I am purchasing a 2002 Getaway (can't believe I actually found one in CR) I will be launching from a well protected ramp, that leads to a narrow inlet, with strong tides. I may need a motor but, I intend to try getting in and out without one at first. I plan to do coastal cruising on the Pacific side, with my wife and daughter, 2 to 15 miles distance to a few different protected coves. My intention is not to be more than a 1/2 mile or so offshore with the family on board. I will have a vhf radio and cell on board for additional safty.

I have been on the water my whole life, from high performance power boats to racing mono hulls. My last boat was a 36 cat, that I sold four years ago. My beach cat experience totals about 5 hours. This was on a Wave in Cancun two weeks ago. Prior to this, I had never seen a Wave or Getaway, I guess you could say it was love at first sight.
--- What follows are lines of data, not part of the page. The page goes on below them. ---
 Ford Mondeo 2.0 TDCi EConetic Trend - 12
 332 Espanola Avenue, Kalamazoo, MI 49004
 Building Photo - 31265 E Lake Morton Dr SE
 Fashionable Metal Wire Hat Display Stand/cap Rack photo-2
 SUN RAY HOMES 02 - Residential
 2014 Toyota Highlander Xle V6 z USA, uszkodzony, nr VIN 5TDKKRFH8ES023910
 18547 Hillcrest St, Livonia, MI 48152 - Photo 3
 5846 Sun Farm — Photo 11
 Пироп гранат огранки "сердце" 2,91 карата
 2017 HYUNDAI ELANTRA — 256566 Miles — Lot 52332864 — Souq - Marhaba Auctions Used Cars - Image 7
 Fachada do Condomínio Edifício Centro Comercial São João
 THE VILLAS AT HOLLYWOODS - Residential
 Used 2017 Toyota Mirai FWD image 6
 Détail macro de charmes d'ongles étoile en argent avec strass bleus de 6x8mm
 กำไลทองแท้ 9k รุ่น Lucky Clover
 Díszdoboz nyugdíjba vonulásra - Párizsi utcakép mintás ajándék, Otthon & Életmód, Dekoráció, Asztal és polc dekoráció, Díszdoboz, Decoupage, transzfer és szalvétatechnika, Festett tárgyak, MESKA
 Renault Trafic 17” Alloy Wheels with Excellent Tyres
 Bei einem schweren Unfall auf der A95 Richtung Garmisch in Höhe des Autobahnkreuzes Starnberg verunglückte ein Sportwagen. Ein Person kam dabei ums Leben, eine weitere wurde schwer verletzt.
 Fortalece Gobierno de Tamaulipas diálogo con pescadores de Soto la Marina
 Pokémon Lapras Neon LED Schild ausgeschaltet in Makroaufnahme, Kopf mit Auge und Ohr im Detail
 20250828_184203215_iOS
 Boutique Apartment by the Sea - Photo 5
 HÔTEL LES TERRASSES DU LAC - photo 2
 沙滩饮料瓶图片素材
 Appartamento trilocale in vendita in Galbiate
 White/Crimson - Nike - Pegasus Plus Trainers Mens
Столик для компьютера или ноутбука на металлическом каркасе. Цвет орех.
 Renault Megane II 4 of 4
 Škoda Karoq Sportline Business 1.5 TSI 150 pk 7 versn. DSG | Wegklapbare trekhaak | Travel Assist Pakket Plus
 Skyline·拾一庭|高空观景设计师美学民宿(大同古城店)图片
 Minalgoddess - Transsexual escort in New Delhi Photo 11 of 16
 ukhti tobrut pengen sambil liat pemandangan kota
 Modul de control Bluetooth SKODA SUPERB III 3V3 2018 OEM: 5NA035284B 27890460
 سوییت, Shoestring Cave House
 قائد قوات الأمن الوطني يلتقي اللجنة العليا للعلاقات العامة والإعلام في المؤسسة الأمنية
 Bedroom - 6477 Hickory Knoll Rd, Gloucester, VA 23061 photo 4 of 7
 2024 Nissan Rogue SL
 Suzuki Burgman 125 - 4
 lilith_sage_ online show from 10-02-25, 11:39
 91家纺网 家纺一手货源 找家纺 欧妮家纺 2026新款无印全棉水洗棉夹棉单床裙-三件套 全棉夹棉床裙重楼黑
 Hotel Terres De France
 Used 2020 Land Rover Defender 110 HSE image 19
Because of the information gathered here, I am confident that the hull, mast, comptip, rudders and cross bars are all in good condition. I intend to change all of the standing rigging, running rigging, both tramps and the jib. I will also disassemble the entire boat and go over all of the clevis pins, tangs, bushings, roller furling, rudder assembly's etc. Why not, Hobie has made it so easy to do. I would feel secure knowing that the boat was in the best condition possible. So now the questions.

What is the youngest child, that anyone here has had on beach cat offshore.

I really like the yellow rear tramps that I have seen on line. It appears that they are only available in vinyl coated polyester. I don't mind the water puddling on the tramp, its warm here. My concern is how strong are they (I'm 240 lbs. and I don't want to be re stretching it all of the time) and how much can they contribute to flipping a cat over, as compared to a mesh tramp. Any recommendations as to the best place to have tramps made.

I plan to use a black polypropylene mesh for the front tramp. My concern here is, will this tramp contribute much to pitch poling due to it's tight weave? I like the fact that I should be able to have a really tight tramp, due to it being a bias cut material.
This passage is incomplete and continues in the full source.